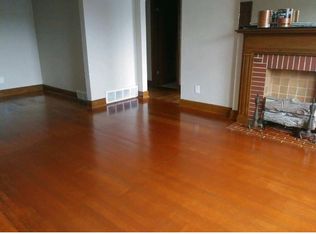 1300 Kanawha Ter APT 4, Huntington, WV 25701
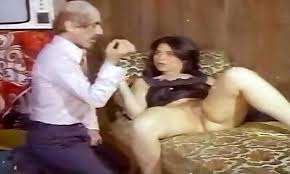 Vintage arab porn pictures photos sex images pictoa jpg x Vintage arab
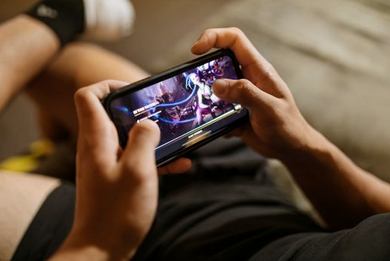 game link 2025 New88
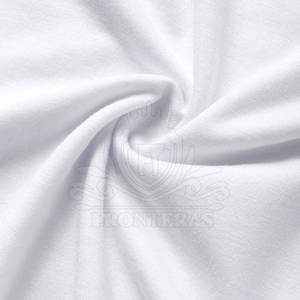 Haute qualité dernière conception hommes T-Shirt à vendre 2025 Style classique décontracté t-shirts à vendre en ligne - Product Image 6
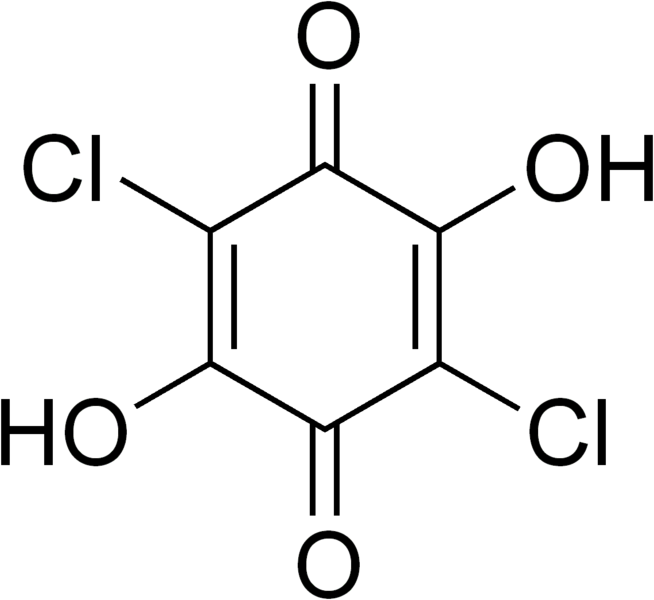 File:Chloranilic acid.png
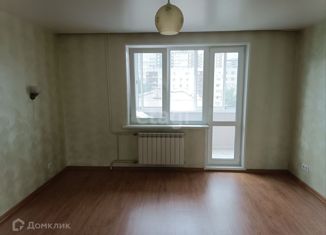 Продаю двухкомнатную квартиру, 42.6 м2, Екатеринбург, Сиреневый бульвар, 19, Сиреневый бульвар
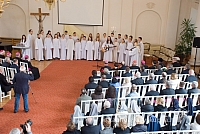 2012 st-kun50 0251 sk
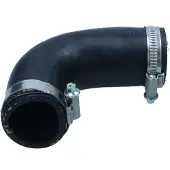 MAXGEAR 68-0569 Turbo Ladeluftschlauch für FORD MONDEO IV Turnier (BA7) S-MAX (WA6) GALAXY (WA6) MONDEO IV (BA7) MONDEO IV Stufenheck (BA7)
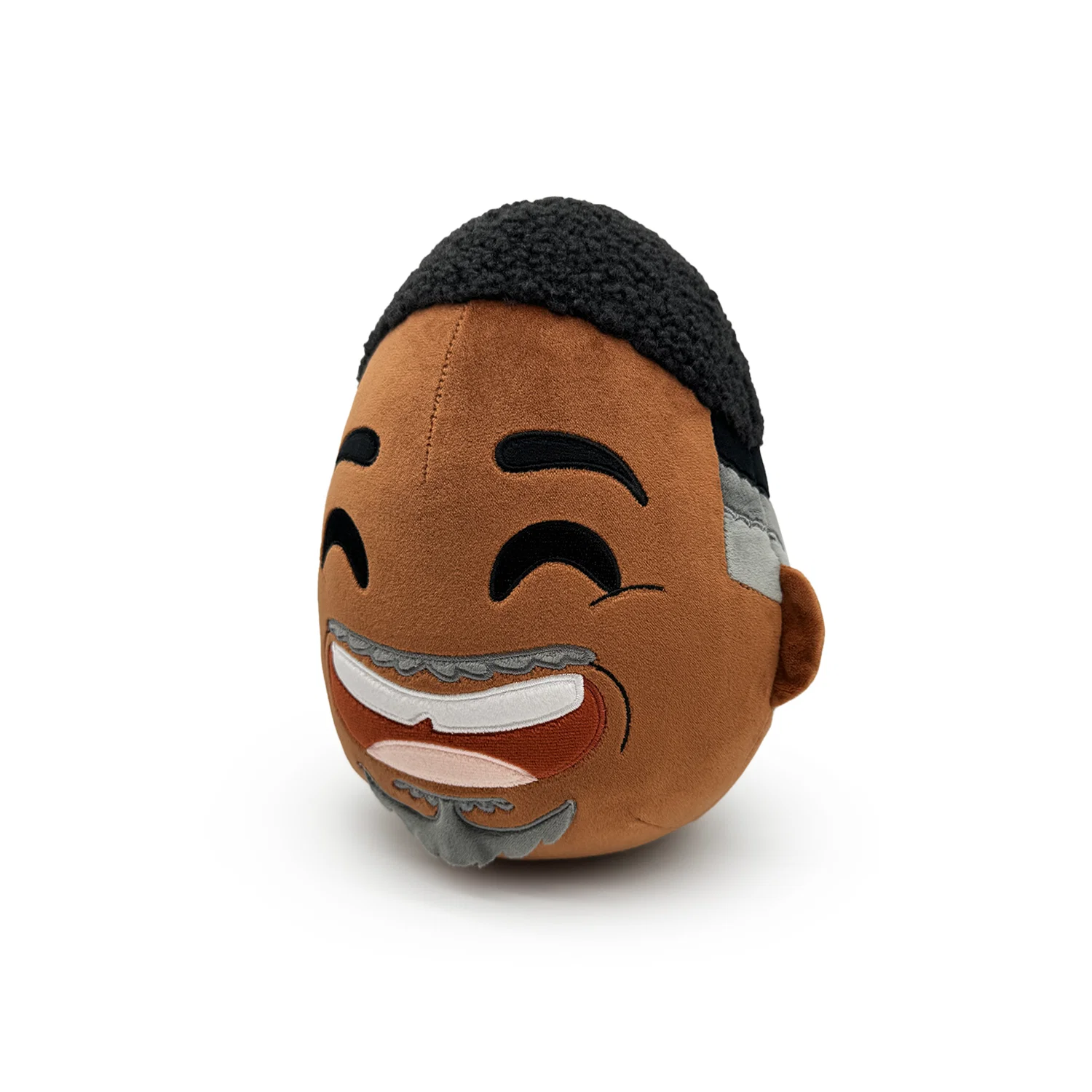 Jason Linton Plush (9in) - Image 4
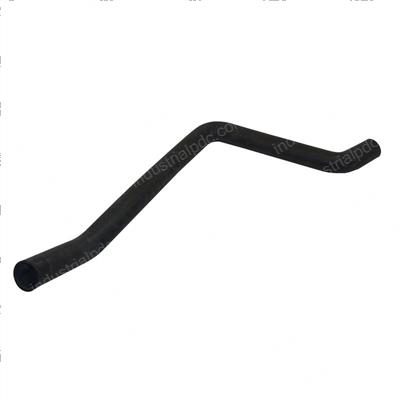 Picture of Hose Xoolant T4 - Coolant T4
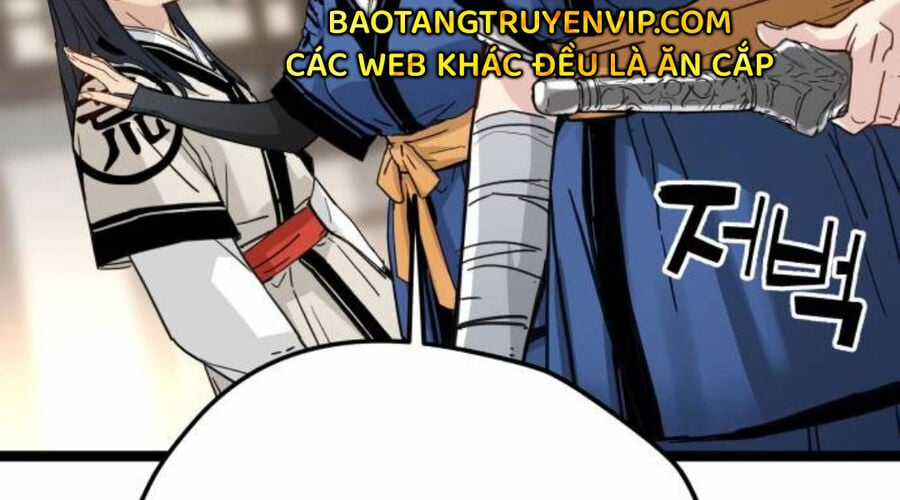 Thiên Tài Đoản Mệnh Chapter 15 trang 319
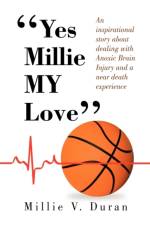 Yes Millie My Love'' af Millie V Duran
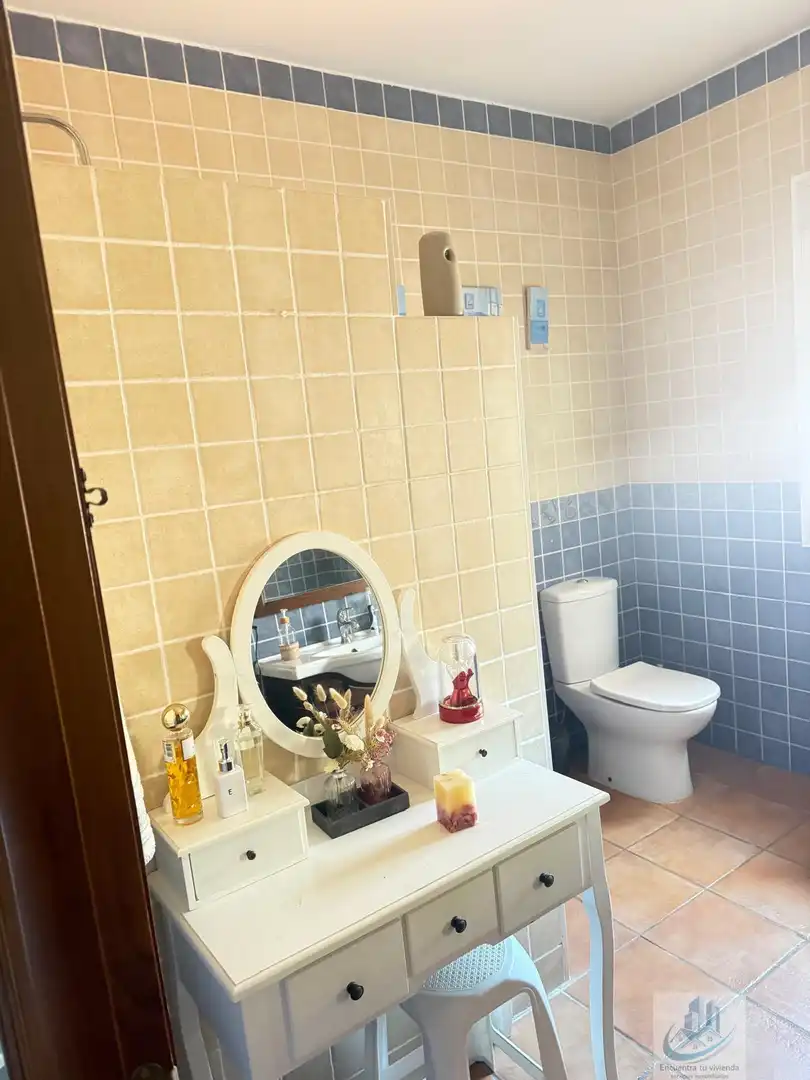 Villa à vendre à Los Gallos, imagen 32
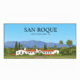 San Roque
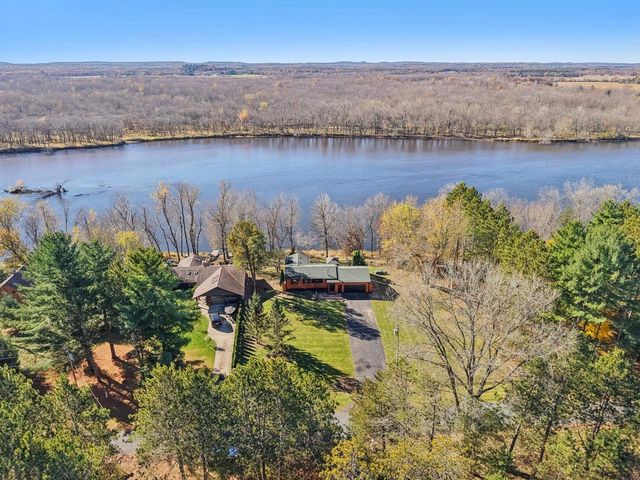 3629 13 Drive, Wisconsin Dells, WI 53965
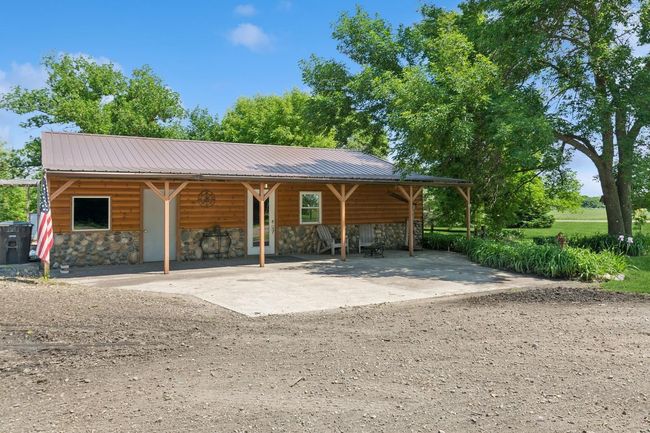 More Front Yard! | Image 22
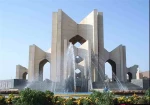 تبریز 12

....

ACTION ITEM:
Copy out only the lines from the one containing "Villa à vendre à Los Gallos, imagen 32" to the end of the entries, unchanged. Drop the pictures.

WRITTEN SOLUTION:
 Villa à vendre à Los Gallos, imagen 32
 San Roque
 3629 13 Drive, Wisconsin Dells, WI 53965
 More Front Yard! | Image 22
 تبریز 12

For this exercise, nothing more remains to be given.